So - I downloaded the card, and went to the Prakhanong Police Station, not far from the Onnut BTS Station. Although there is now a brand new station at that spot, in 2011 it was pretty decrepit. I went at about 11:20 am. I had never been there before, and it seeemed rather deserted. After walking down a hallway, and peeking into several rooms, I finally found a young lady officer in uniform. I speak Thai, but not well enough to discuss fingerprinting. But - when I showed her the card, she understood, took the card, and asked me to follow her - which I did - down a long hallway to a room at the end which turned out to be a dining area - with maybe six people leaning over bowls of noodle soup. She went over to one man in a green T-shirt, very dark complexion, muscular, short hair - looked like a Thai boxer, maybe late 30's - and held the fingerprint card to him, and gestured toward me.
This guy took the card, stood up, and made for the door, motioning for me to follow him - completely abandoning his lunch. I follwed him up two flights of stairs, and then way down to the far end of the building. He slowed down, and there was a chair next to a sort of countertop projecting from the wall - a fingerprinting station! The wall was shared with a washroom - and he pointed to me, and to the washeroom, and made handwashing gestures - so I went in - there was a squeeze bottle of soap - and I washed my hands, and dried them on paper towels that were there. He nodded for me to sit - he was sitting across from me, with a little cart - with a sort of equipment toolcase opened up on top of it. It was a top-quality fingerprinting kit, with all sorts of marble plattens, rollers, tubes of ink, and a big magnifying glass. I had already filled out the form at the top of the fingerprint card, in English, and he now folded the card twice, so that just one row of boxes was exposed. He used spring clips to clip this along one edge of the countertop. He next squirted some ink onto one marble plate, maybe 20 x 15 cm, and used a roller to squeeze the ink into a very thin layer. He then took one of my hands, isolated my thumb, and then rolled it from left to right - one time - and then directly to the correct box on the fingerprint card. He did all five fingers on that hand in about 75 seconds. He then had to adjust the fingerprint card to expose the second set of boxes - without smudging the ink from the first set.. I couldn't figure out his movements - but he knew exactly what he was doing. He then rerolled the ink, to make sure it was evenly distributed He then took the second "hand" of prints in about another 75 seconds. He then unclipped the fingerprint card, unfolded it, and took the magnifying glass, and examined each print. He was nodding to himself as he did this, and when finished, he motioned for me to go wash my hands again - which I did. It took some scrubbing - there was a small brush there - to get most of the ink off.

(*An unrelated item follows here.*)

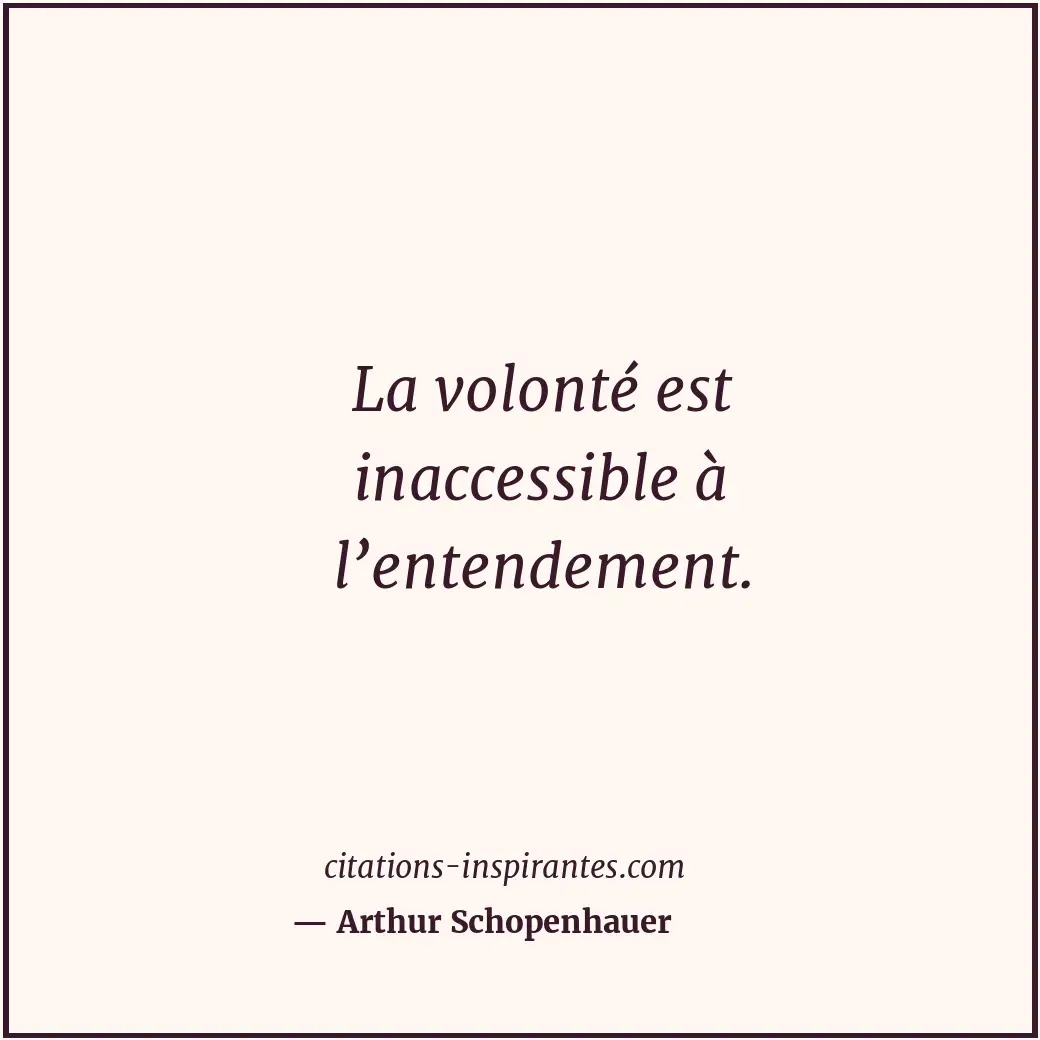 La volonté est inaccessible à l’entendement. Citation de Arthur Schopenhauer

When I came back out, the fingerprint card was under a bright desk lamp, witt a fan blowing on it - to dry it. He was busy cleaning the marble plate and the roller - using some acetone, or similar. After a few minutes, he pulled out the fingerprint card, and sniffed at it (I guess the ink smells if it is still wet?). He put it back under the fan/light while he boxed everything back up in the carrying case, and put the case upon a wall shelf. He turned off the desk lamp, the fan, and the room light - grabbed the fingerprint card, and nodded for me to follow him. I followed back down two flights of stairs, and then down a hallway to a room with several uniformed officers in it. He had me stop at the open doorway - he went in and had one of them add the police station seal, and he then signed the card, and they used a blue ink stamp to stamp his signature block under his signature - all in Thai. The he came back to me and handed me the card, and then brushed past me - he was done.
At no point had he spoken a word to me. He never smiled. No one even asked me WHY I needed the fingerprints. He never wasted one motion. He was 100% efficient and professional. He was the Michaelangelo of fingerprining.

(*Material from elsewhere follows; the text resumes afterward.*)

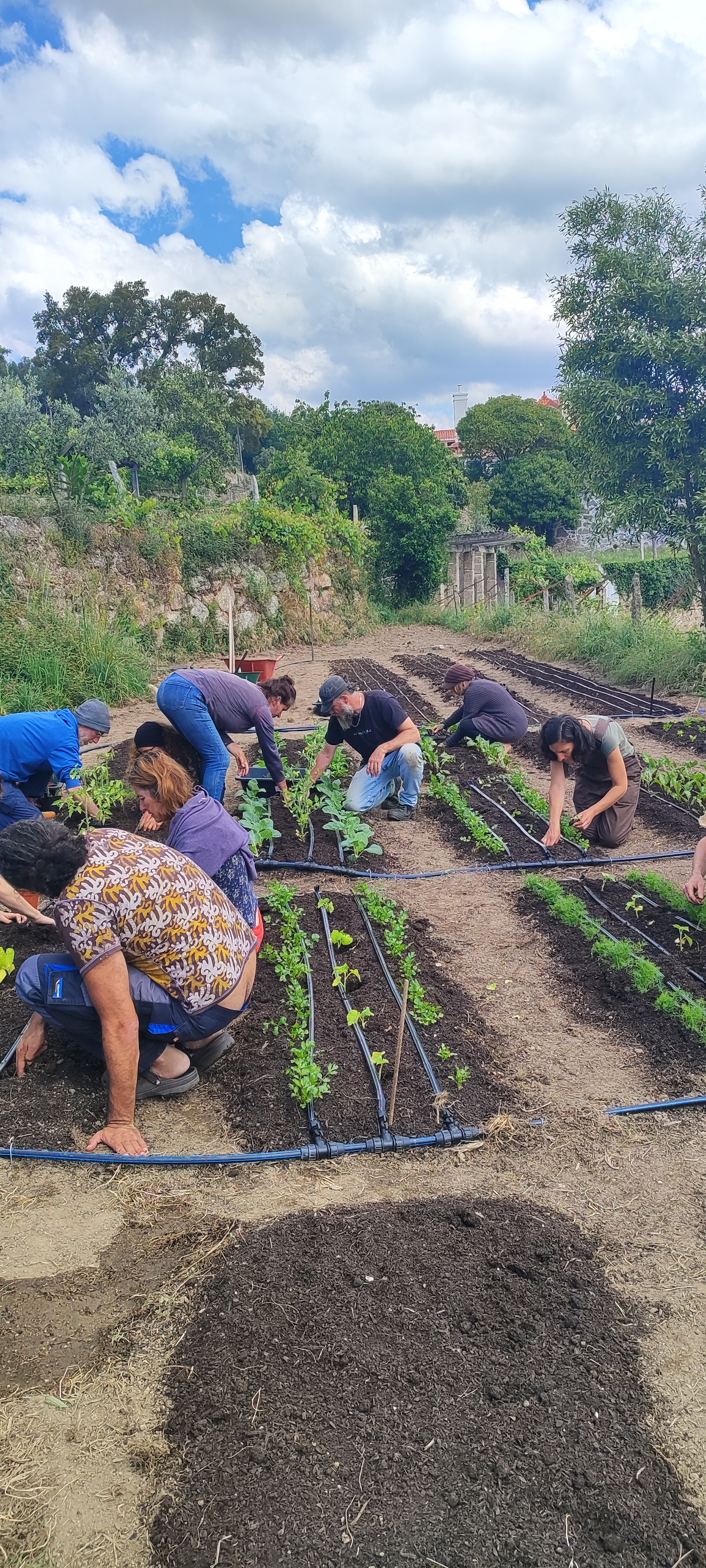 Group preparing beds and planting transplants together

So - as he walked away, I said "khortoht khrap" - he turned around - and I had out a 500 baht note, and tried to hand it to him. He just crossed his hands "no, no" - and turned away and went off down the hallway - still in his green T-shirt. A lady in full unform was coming the other way as he passed her, and she saw that I was trying to do something, but the guy had not helped me - so she stopped to ask me what was wrong, and could she help me. I was a bit perplexed as to what to say or do - I told her that the guy had just helped me - very well - and had left his lunch to help me - and I wanted to buy him and his friends lunch - and I stuck the 500 baht note in her hand, and walked away, and out of the station. I think she stood there as I walked away, unsure what she was supposed to do.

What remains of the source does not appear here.